« Assises nationales sur la Transition : la balle est dans le camp du gouvernement », ainsi titrons-nous notre commentaire à la suite du vote, le 26 avril dernier par l’Assemblée législative de Transition (ALT), de la proposition de loi portant accord de la représentation nationale pour l’organisation d’assises nationales sur la Transition. Aujourd’hui, on se rend compte que le gouvernement n’a pas attendu longtemps pour jouer la balle, pour jouer sa partition.
Dans un communiqué lu dans la soirée du 14 mai 2024 sur les antennes de la Télévision nationale du Burkina (TNB), le ministère de l’Administration territoriale, de la Décentralisation et de la Sécurité (MATDS) a fixé les dates des assises nationales sur la Transition pour les 25 et 26 mai 2024 à Ouagadougou.

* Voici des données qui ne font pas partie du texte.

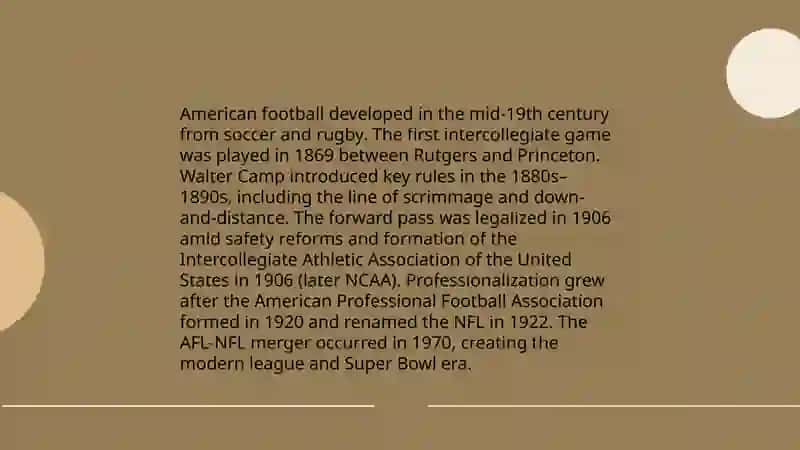 History of American football 3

Les forces vives de la nation à savoir les organisations de la société civile (OSC), les partis politiques, les forces de défense et de sécurité (FDS), etc. s’y retrouveront pour décider du sort de la Transition. Dans une interview accordée à la chaîne nationale, le ministre Emile Zerbo précise que les assises à venir seront l’occasion de « faire le bilan de la Transition et voir s’il faut donner une suite à la Transition.
Il faut dire qu’elles (forces vives) ont la possibilité d’apporter des modifications à la Charte afin de définir les contours de la marche du pays ». Après le 14 octobre 2022, les Burkinabè vont être à nouveau au chevet de la Transition ouverte en janvier 2022 avec le coup d’Etat de la première version du Mouvement du peuple pour la sauvegarde et la restauration (MPSR 1).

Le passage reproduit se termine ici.